Tribune de Patrick Jeantet, PDG de SNCF Réseau, et de votre serviteur, parue sur le site des Echos le 26 décembre 2017
Il est devenu courant, désormais, que les grandes entreprises, en particulier celles intensives en énergie, pratiquent ce que l’on appelle un « shadow price of carbon » quand elles réfléchissent à leurs investissements. Le principe est assez simple : il s’agit d’évaluer la rentabilité de l’investissement « comme si » les émissions de CO2 associées à sa mise en place devaient effectivement donner lieu à une charge externe.
Pour une cimenterie, une centrale à charbon ou à gaz, il s’agit donc d’évaluer sa rentabilité « comme si » chaque tonne de CO2 émise par cette installation devait donner lieu au paiement de quelques dizaines d’euros – ou plus – sous forme de taxe. A quoi sert le résultat ? A être mis en balance avec d’autres options à la main du même investisseur (y compris de ne rien faire du tout !), pour voir laquelle est la plus intéressante dans ce cas « fictif » d’une réelle charge pour le CO2.
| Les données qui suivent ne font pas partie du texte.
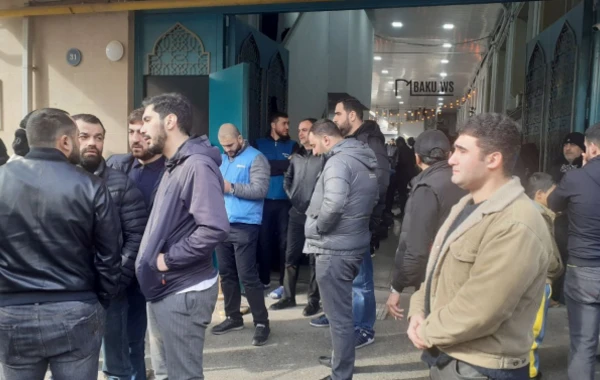 Hacı Şahin ilə vida mərasimindən görüntülər - VİDEO/FOTO - YENİLƏNİB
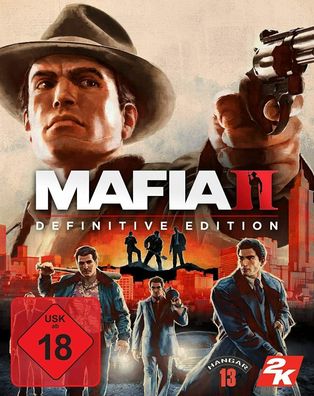 Mafia II Definitive Edition (PC, 2020, Nur Steam Key Download Code) Keine DVD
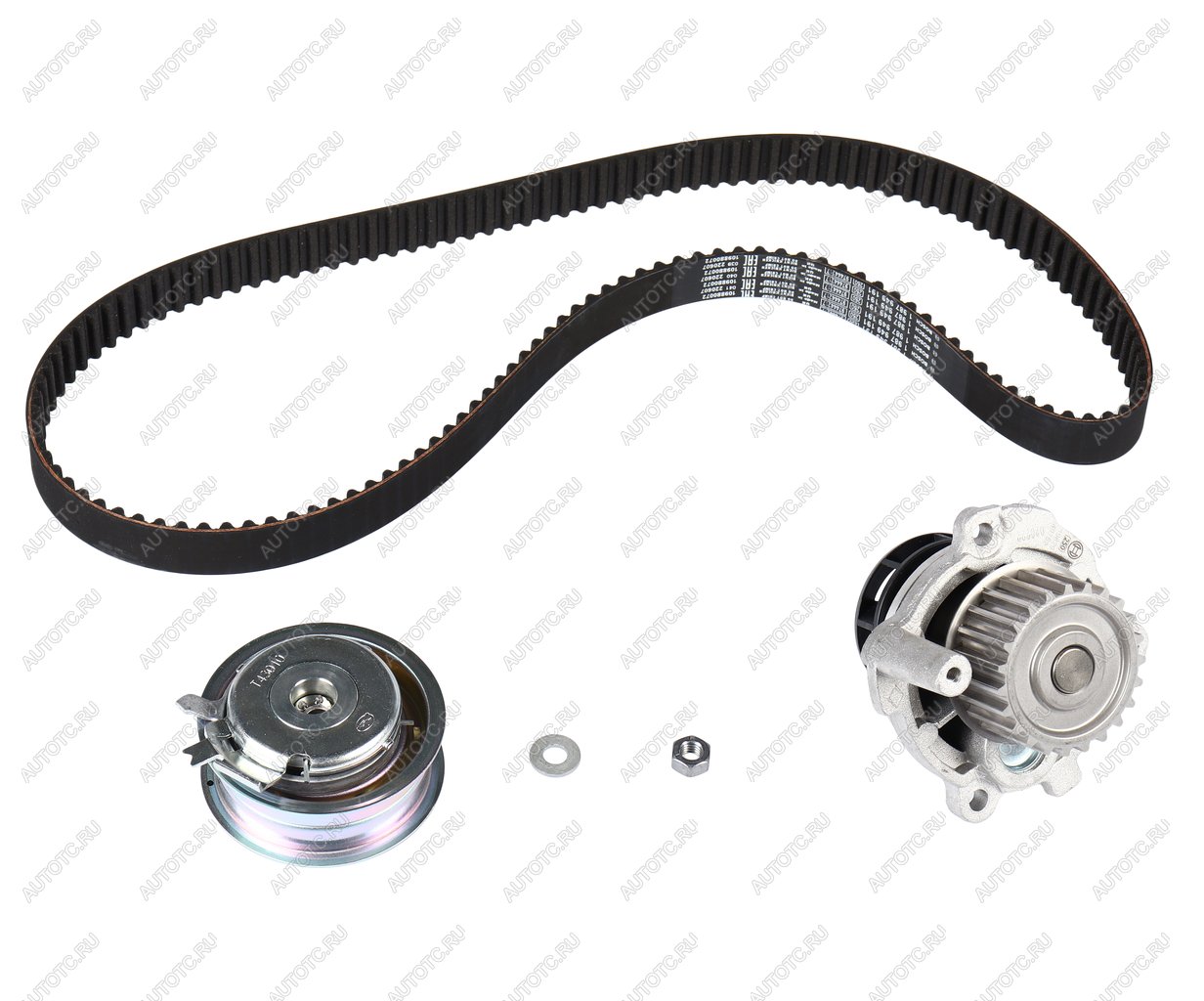 8 299 р. Комплект ГРМ VW AUDI A3 (96-13),A4 (94-08) SKODA Octavia (97-) (1.6) с насосом водяным BOSCH BOSCH 1987946391  с доставкой в г. Майкоп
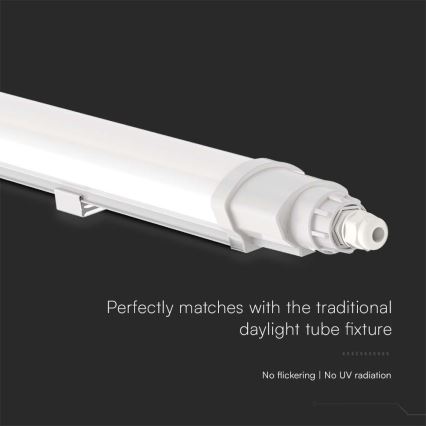 LED Techniczna oprawa świetlówkowa LED/48W/230V 6500K IP65 150 cm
Dit encore autrement, si à l’avenir il s’avère que le CO2 émis donne vraiment lieu au paiement de cette charge, ce calcul prévisionnel donnera l’équation économique réelle de l’installation.
L’Etat et les maitres d’ouvrage publics s’imposent déjà un raisonnement de même nature pour les infrastructures de transport, et les évaluations socio-économiques avant projet incluent une valeur du carbone issue du rapport Quinet de 2008.
Prenons l’exemple d’une route : avec un CO2 à 100 euros la tonne, ce qui est le niveau auquel l’état français s’est engagé à arriver au plus tard en 2030 sur les carburants routiers (et idéalement bien avant), il en coutera 30 centimes supplémentaires par litre de carburant à chaque automobiliste. Question : comment est-ce qu’un tel niveau de prix déforme potentiellement le trafic envisagé ?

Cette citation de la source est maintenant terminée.